Some of them, despite their failure, stands in our story as beautiful experiences, projects that we surely (will) refer to in the future, thanks to the ideas that have solicited us or the way we represented them. Ogni scarrafone è bello a mamma sua (every cockroach is beautiful to his mother) we say in Italy, and it’s true that it always very hard to gain netruality towards our own creations, but in the three following cases we believe that there is something special that we have to bring along in other projects… Let’s start from the most recent one:
Sanctuaire – Reception facilities for the Etang de la Gruère parc, Canton du Jura, Switzerland 2021
What we like: the way the reinterpretation of an archetypal volume – the roof – establishes a gentle and appropriate dialogue with the topography and the landscape, opening the tourists’ center to the surrounding lawns, becoming part of the processional path to the entrance to the parc; we like also very much the repurposing of the elements all made of wood, in planks or in piled trunks, coming from another beloved (and losing) previous project.
What they didn’t (supposedly) like: well, the awarded with the first prize a project proposing to completely remove the car parking from the area (one of the requirements of the competition brief, and one of the reasons for the competition itself)… our Toblerone like roof was for sure too impacting. We felt completely cheated, you can’t win just by removing a goal of the competition. But this is the type of shit that happens in competitions…
Carousel Europa – Piazza Transcalpina / TRG Europe competition in Gorizia/Nova Gorica 2020
What we like: the lightness of a festive architecture that, while interpreting the genius loci, resonates with many different precedents; the complementarity of open and closed spaces (one the background of the other), and the simple but effective devices of interaction integrated in the outdoor and indoor spaces; a narrative suspended bewteen reality and imagination, that makes use of different narrative codes, from the detournement of images, to diagrams and mixed media renderings.
What they didn’t (supposedly) like: they wanted a monument and we proposed instead a carousel and a tent that opens up along the border, we really got it all wrong!
What we like: similarly to the previous project, we love the lightness of a building made of canopies evoking the Korean shrines, completely merged with the public space – here too, figure and ground, built and unbuilt, volume and surface come to form together. And, of course, we love the graphic suspended between drawing and rendering, something that in our heads was an allusion to a certaing graphic heritage of the region.
What they didn’t like: nothing, the package arrived too late, nobody ever judged this project, and this probably worse than a bad reception! But it is one more reason to keep it as a refernce for further investigations…
What we like: this project for a park it’s 100% a playground, and it’s all made of one module – we have an obsession for simple modules, the best elements to play with to build anything possible. Here the module responds perfectly to the site – everything runs along the border between the forest and clear, merge and blend with the landscape thanks to the sampling and repetition of a characteristic element of the rural and mountanin landscape: wood, piled in stacks on the edge of forests, or close to dwellings.

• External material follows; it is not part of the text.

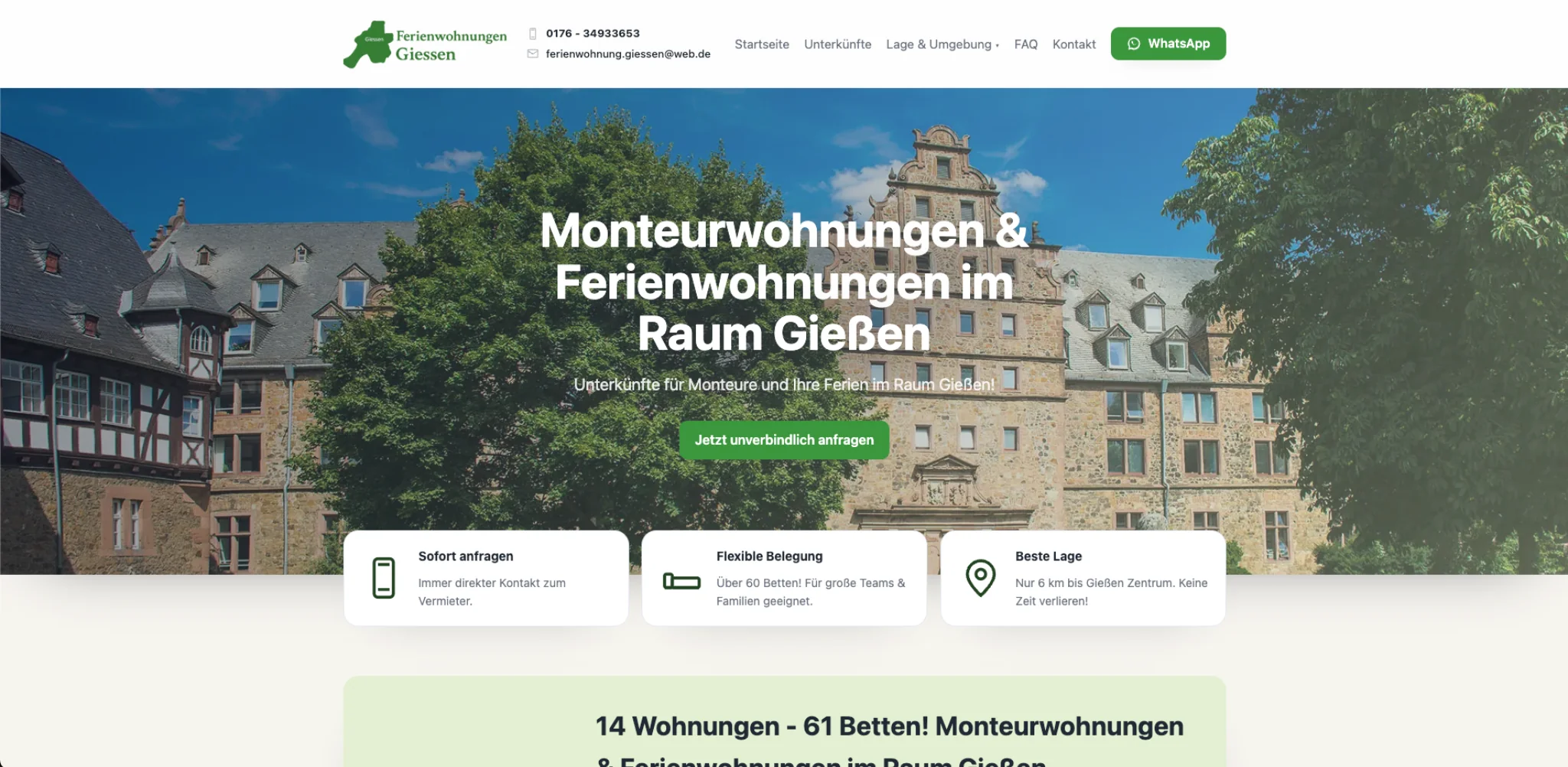 Monteur und Ferienwohungen – Vorschau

What they didn’t like: what we liked most, the densification of all the elements along one line, following strict geometrical patterns – was an approach far away from the winning one by Joao Nunes, much more organic and soft. That’s the problem when architects want to be landscape designers…
What we like: it’s been 20 years so far, and we feel a little bit ashamed to be linked still to this early and naif project of ours. Though, long before the elaboration of the “streetfight” culture, and birth of concepts such as “tactical urbanism”, this proposal was fully aware that to make a discourse on public space we have to start from the redesign of the horizontal surfaces of the city. This awareness has nurtured many project afterwards, and we’re happy to share it today with a much wider community of designer and administrators.
What they didn’t like: we had the brilliant idea to make renderings doubling the vertical dimensions of the paving, because the light articulation (max 40 cm) of the different levels wasn’t visibile enough, causing a great misunderstanding on the project: as we heard later on, the jury understood that we wanted to excavate the road, which is impossibile, given the presence of the subway underneath. This was a great teaching on the problems in communicating something that is not volumetric, but is just made of gently articulated surfaces such as the public space, and that’s why afterwards we remade the perspective views in the graphic style you see in this post (on the website the original ones). Also, we have to mention that the winning project wasn’t questioning at all the street in its entirety, limiting the intervention to the sidewalks, with a very defensive solution…
Sometimes you get awarded for questioning the competition program (like in the first project of this list) sometimes you can’t …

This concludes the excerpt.